§ WHAT IS EXPECTED: Produce one exact copy of the records, no pictures.

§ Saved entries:
• • • •

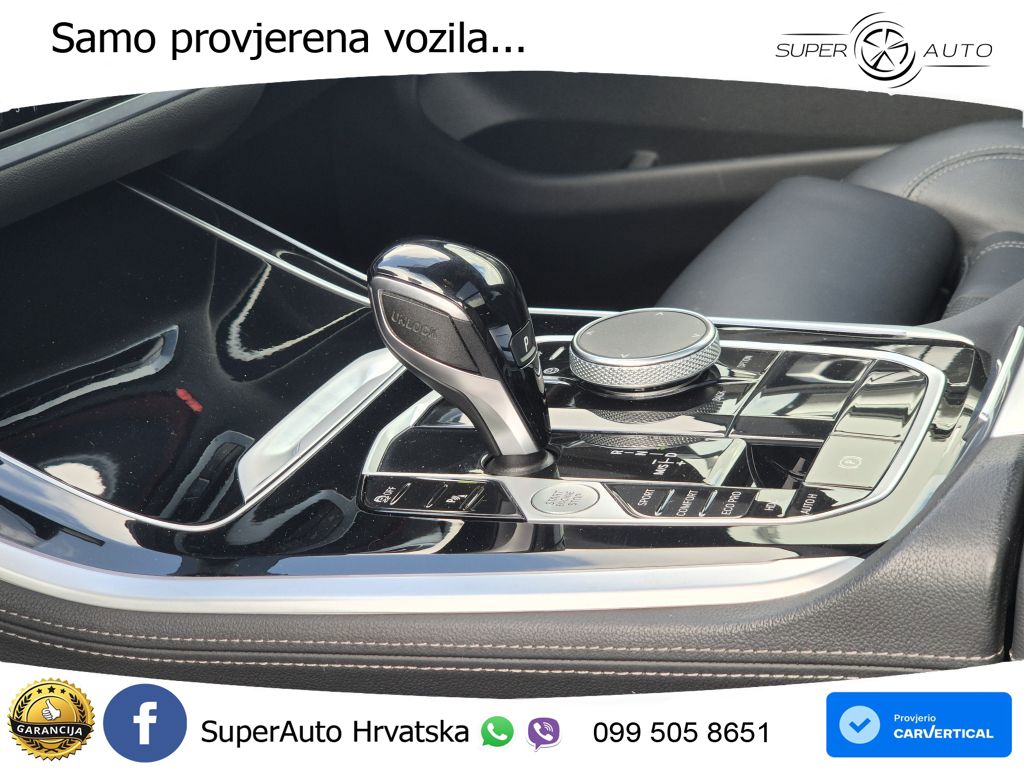 BMW X5 30d (286 KS) xDrive Steptronic LED+GR SJED+ACC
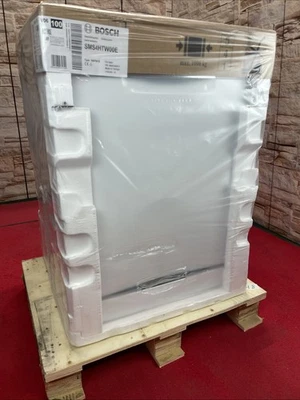 Bosch Serie 4 SMS4HTW00E Geschirrspüler freistehend HomeConnect VarioBesteckkorb - Bild 1 von 4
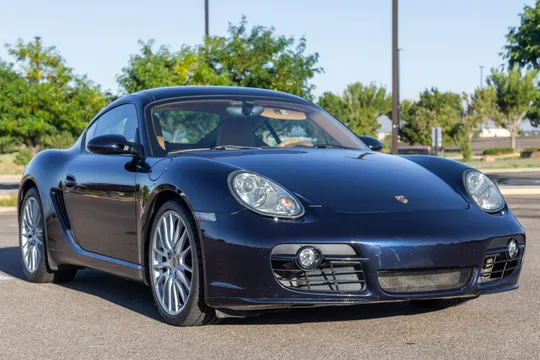2007 Porsche Cayman S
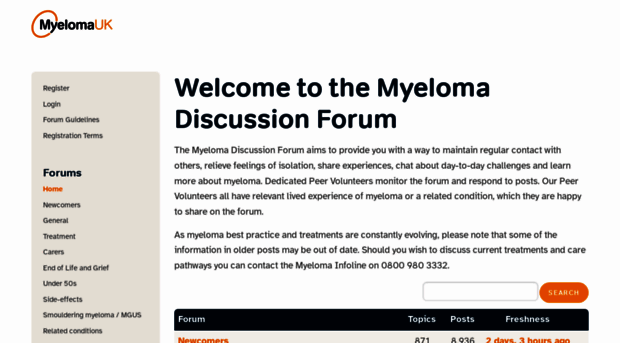 forum.myeloma.org.uk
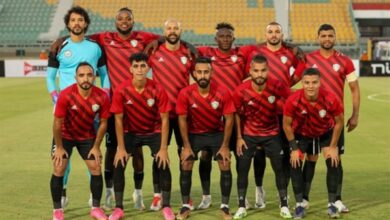 تشكيل طلائع الجيش لمواجهة الزمالك في الدوري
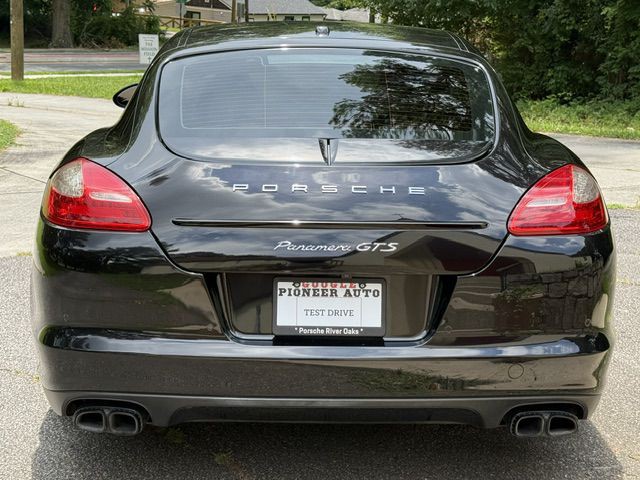 2013 Porsche Panamera Image 78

• • • •

§ TASK OUTPUT:
 BMW X5 30d (286 KS) xDrive Steptronic LED+GR SJED+ACC
 Bosch Serie 4 SMS4HTW00E Geschirrspüler freistehend HomeConnect VarioBesteckkorb - Bild 1 von 4
2007 Porsche Cayman S
 forum.myeloma.org.uk
 تشكيل طلائع الجيش لمواجهة الزمالك في الدوري
 2013 Porsche Panamera Image 78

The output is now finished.